New York Insider Tips – December 2017
Considering a co-op or condo on the lowest residential floor in a building? The typical “wet over dry” rules prohibiting the movement of kitchens or baths may not apply to you, giving you more renovation flexibility. Do your research ahead of time.
When buying a single-family home “on spec” in the outer boroughs or suburbs, be mindful of design options added during your construction process – it can create a mortgage approval issue. Over-improving the home with “abnormal for the neighborhood” additions may result in an appraisal issue if your deviations from typical planned unit model result in a home with a higher contracted build price than its comp-based value.

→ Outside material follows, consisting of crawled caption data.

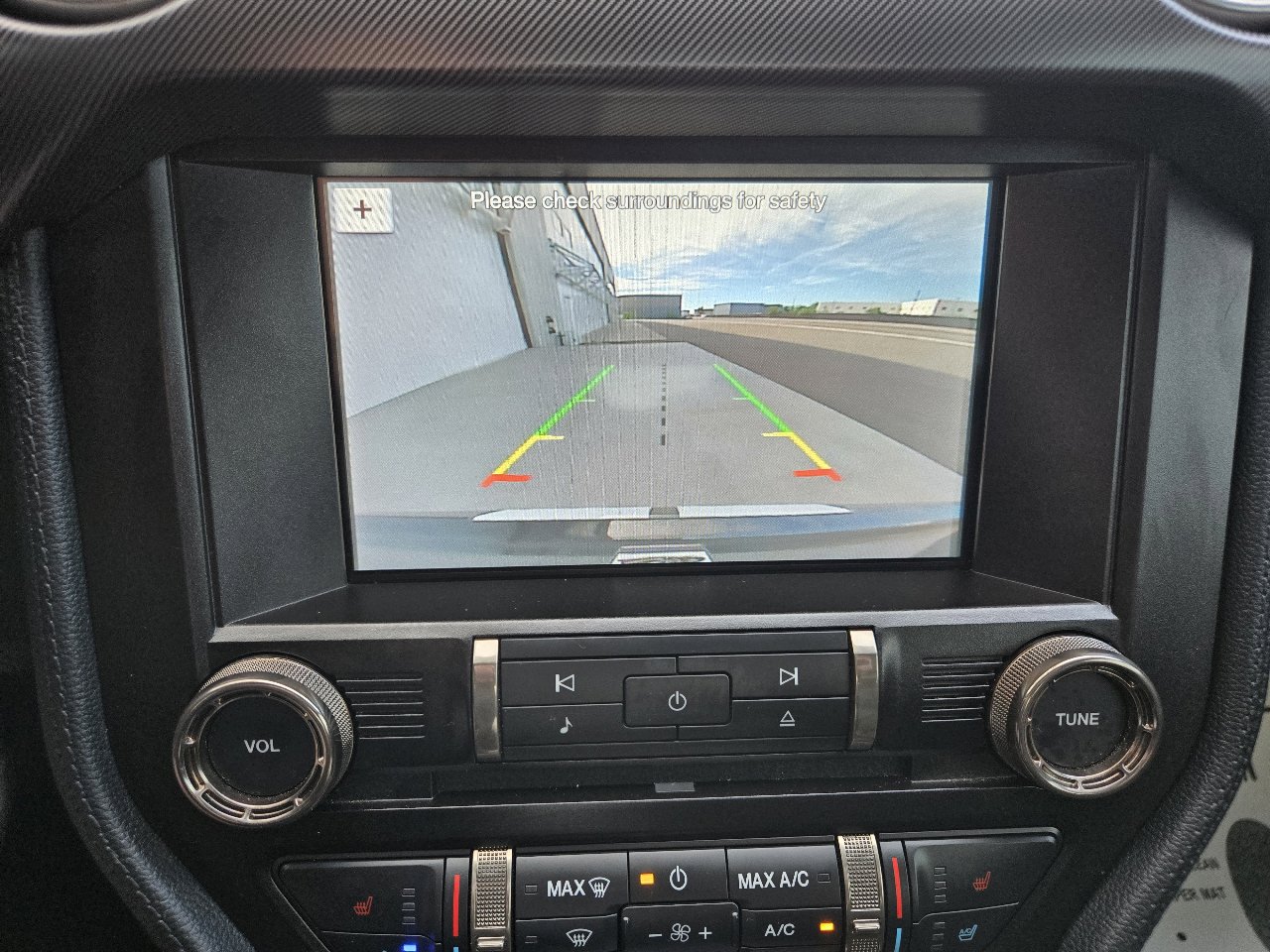 Used 2019 Ford Mustang Shelby GT350 w/ Technology Package image 33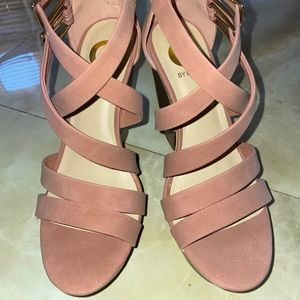 NEW. G by Guess Platform Sandals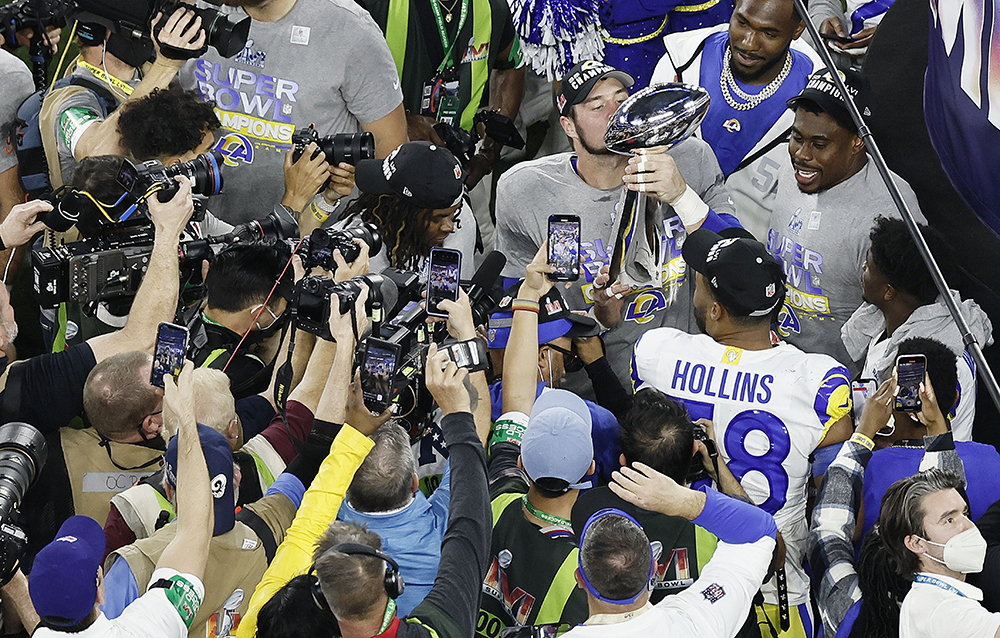 Photos: Relive the epic Super Bowl halftime show by Dre, Snoop and friends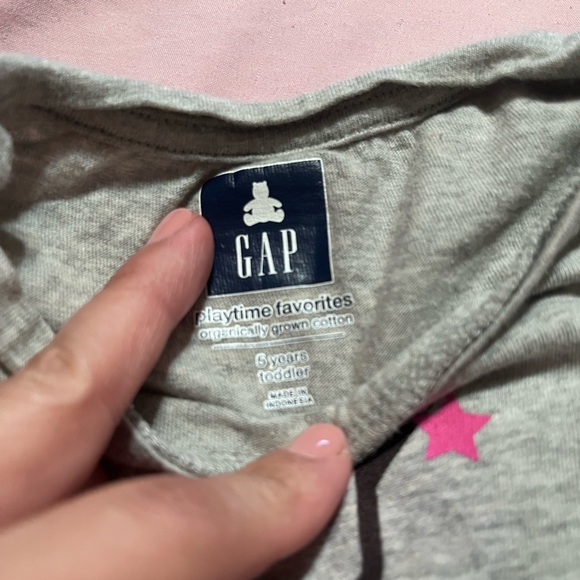 GAP Gray Kids' Top with Colorful Reindeer Design - Picture 2 of 2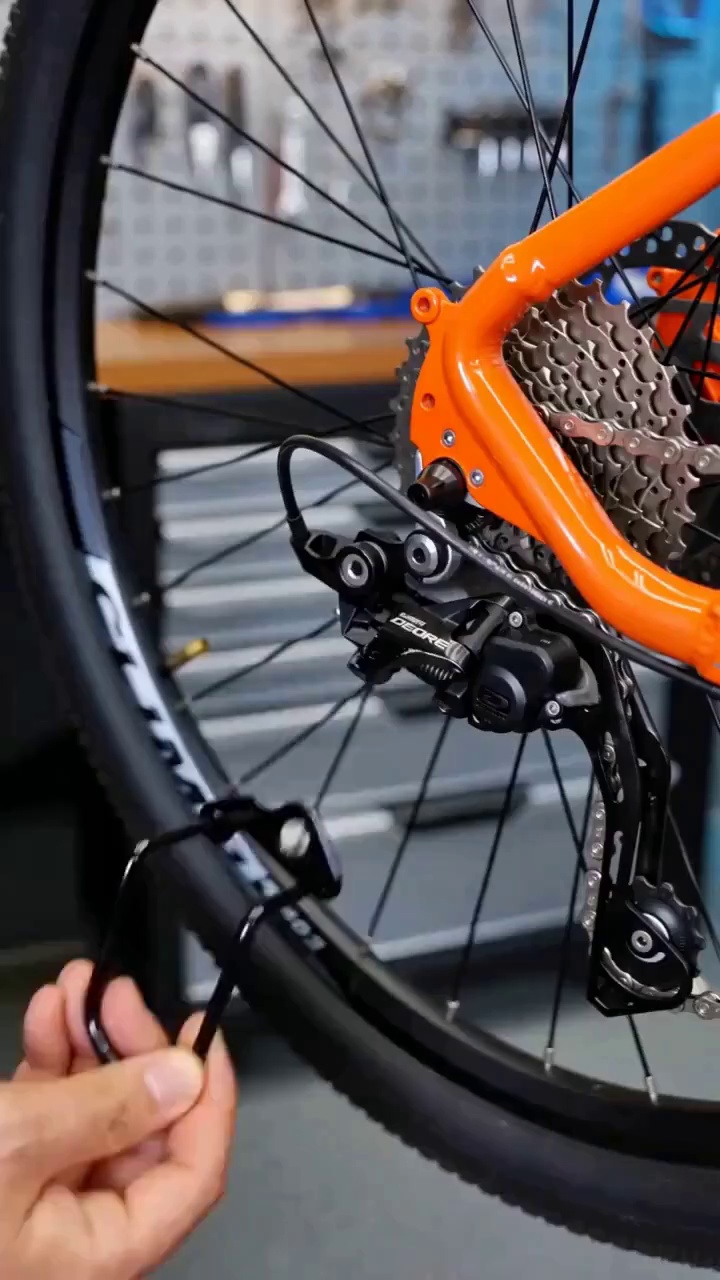 Protège-dérailleur – Acier massif & installation rapide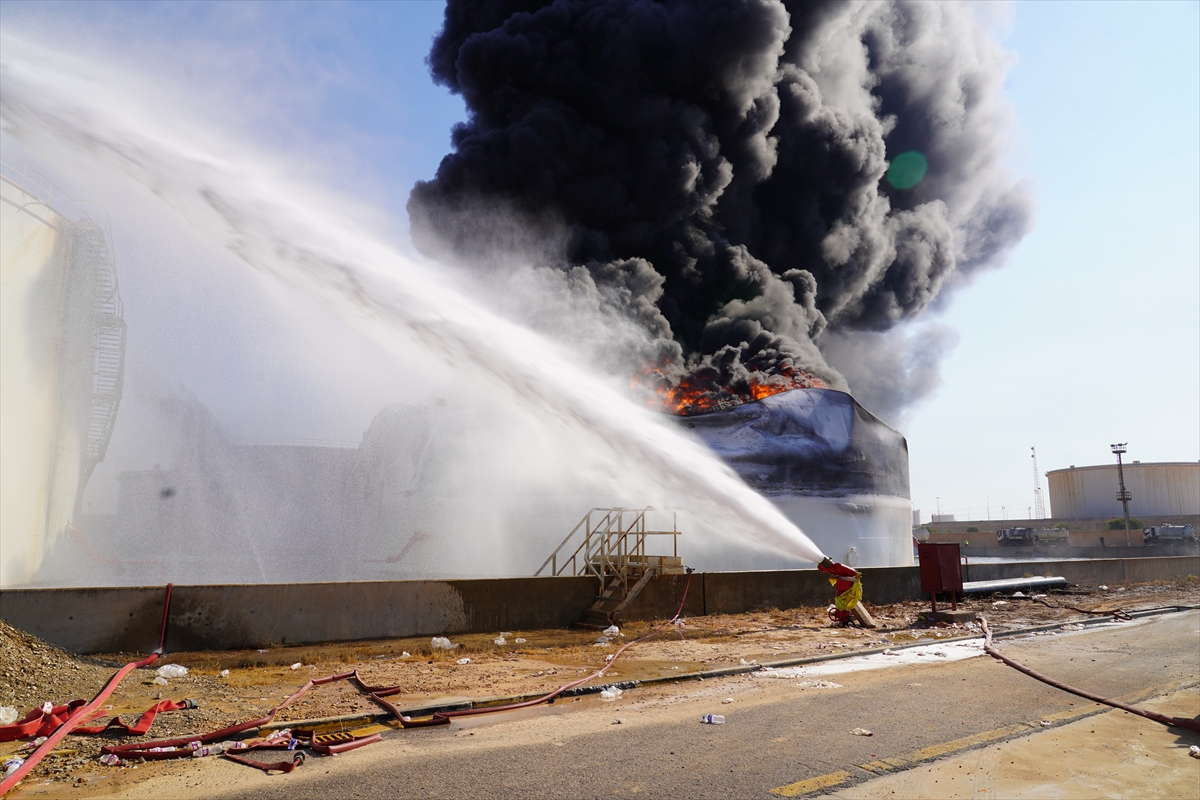 Libya: Zaviye petrol tesisleri kırmızı çizgi, saldırı sürüyor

In a tight market, finding homes to bid on can be a challenge. Having an agent who thinks outside the box to find options is crucial. Methods can include owner direct mail overtures, revisiting buildings with the agent’s recent sales where they may have met owners, networking with co-broker lists to find off-market opportunities, reaching out on recently-expired listings, tempting the listing agents of on-market rentals, and more.
With stocks at record levels, potential purchasers of NYC co-ops may be tempted to borrow against their investments to fund a portion of their down payment to keep their money in the equity markets. Be forewarned, though, that boards will consider this as secondary financing when calculating debt-to-income ratios for approval, and may go as far as to prohibit it all together.
An offer on a co-op in New York City is not complete without a financial summary summarizing the potential shareholders’ income, assets, debt and other details. This document, commonly referred to as a REBNY (or Real Estate Board of New York) Financial Statement, should be completed honestly and completely as sellers will hold buyers to their disclosures during the approval phase.